OKD 3.11 install failure when Approving Node Certifcates

Question

OKD 3.11 install failure when Approving Node Certifcates

Closed this issue 5 years ago · 2 comments

Description

On a multi-master install of OKD 3.11 ansible fails with message
Could not find csr for nodes: ip-10-131-15-14.my-domain.xyz, ip-10-131-15-13.my-domain.xyz, ip-10-131-15-12.my-domain.xyz

Version

Please put the following version information in the code block
indicated below.

Your ansible version per ansible --version
Ansible version 2.8.5
openshift-ansible version
-- Unsure: integrated into new repository about 2 months ago ---

Steps To Reproduce

Ansible is run through a Jenkins build.
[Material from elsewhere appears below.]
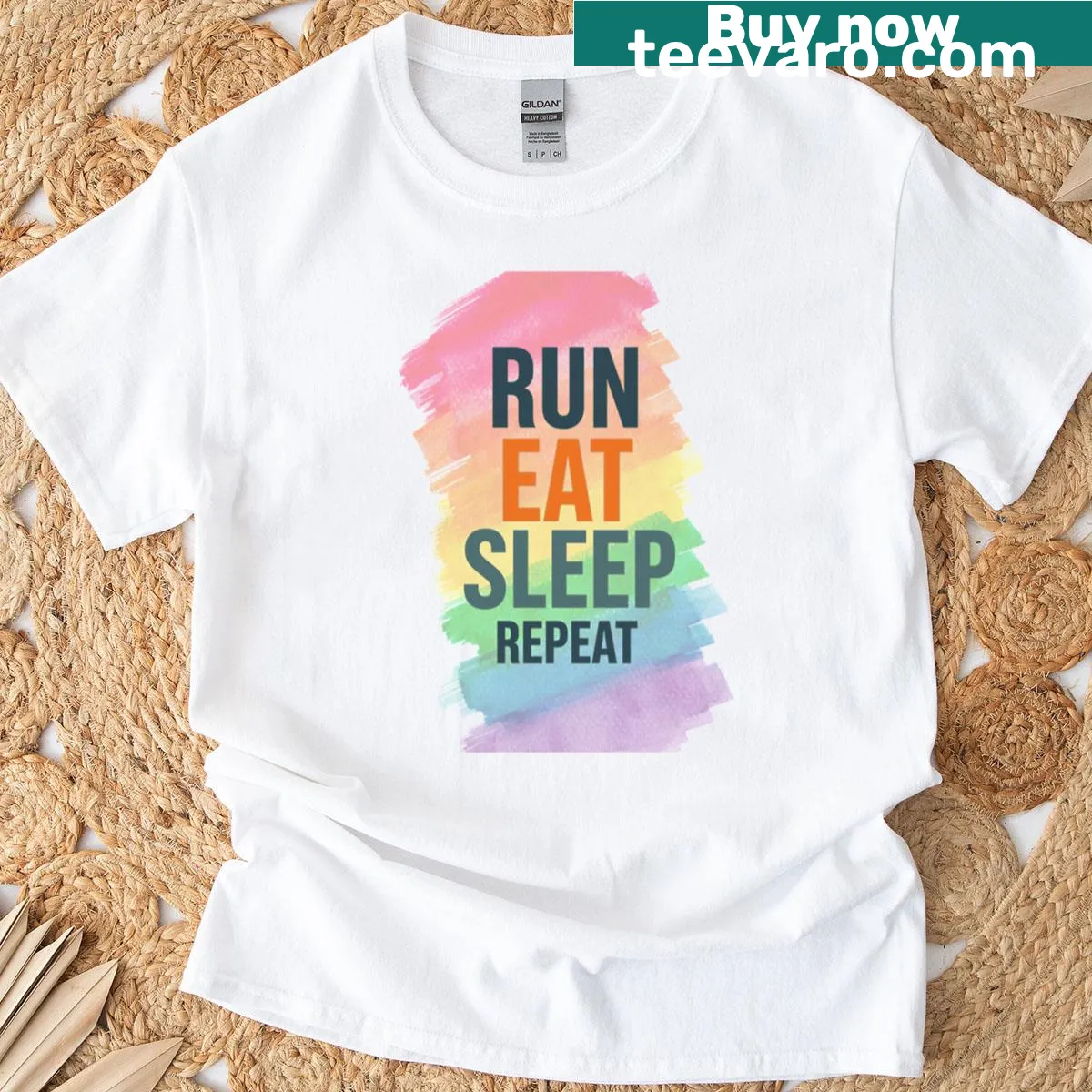 Motivational rainbow design T-shirt with 'Run Eat Sleep Repeat' — on a men's t-shirt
Uninstalling and reinstalling, even rebuilding the machines produces the same result.

Expected Results

Install to complete

Observed Results

Describe what is actually happening.

PLAY [Approve any pending CSR requests from inventory nodes] *******************

TASK [Dump all candidate bootstrap hostnames] **********************************
ok: [ip-10-131-15-10.my-domain.xyz] => {
    "msg": [
        "ip-10-131-15-10.my-domain.xyz", 
        "ip-10-131-15-11.my-domain.xyz", 
        "ip-10-131-15-12.my-domain.xyz", 
        "ip-10-131-15-13.my-domain.xyz", 
        "ip-10-131-15-14.my-domain.xyz"
    ]
}

TASK [Find all hostnames for bootstrapping] ************************************
ok: [ip-10-131-15-10.my-domain.xyz]

TASK [Dump the bootstrap hostnames] ********************************************
ok: [ip-10-131-15-10.my-domain.xyz] => {
    "msg": [
        "ip-10-131-15-10.my-domain.xyz", 
        "ip-10-131-15-11.my-domain.xyz", 
        "ip-10-131-15-12.my-domain.xyz", 
        "ip-10-131-15-13.my-domain.xyz", 
        "ip-10-131-15-14.my-domain.xyz"
    ]
}

TASK [Approve node certificates when bootstrapping] ****************************
FAILED - RETRYING: Approve node certificates when bootstrapping (30 retries left).
FAILED - RETRYING: Approve node certificates when bootstrapping (29 retries left).
FAILED - RETRYING: Approve node certificates when bootstrapping (28 retries left).
.....
Failure summary:


  1. Hosts:    ip-10-131-15-10.my-domain.xyz
     Play:     Approve any pending CSR requests from inventory nodes
     Task:     Approve node certificates when bootstrapping
     Message:  Could not find csr for nodes: ip-10-131-15-14.my-domain.xyz, ip-10-131-15-13.my-domain.xyz, ip-10-131-15-12.my-domain.xyz
Build step 'Execute shell' marked build as failure
Finished: FAILURE

[ip-10-131-15-10]> oc get csr
Unable to connect to the server: x509: certificate signed by unknown authority

Referencing issue here I see that my .kube/config and /etc/origin/master/admin.kubeconfig are different and produce different md5sums.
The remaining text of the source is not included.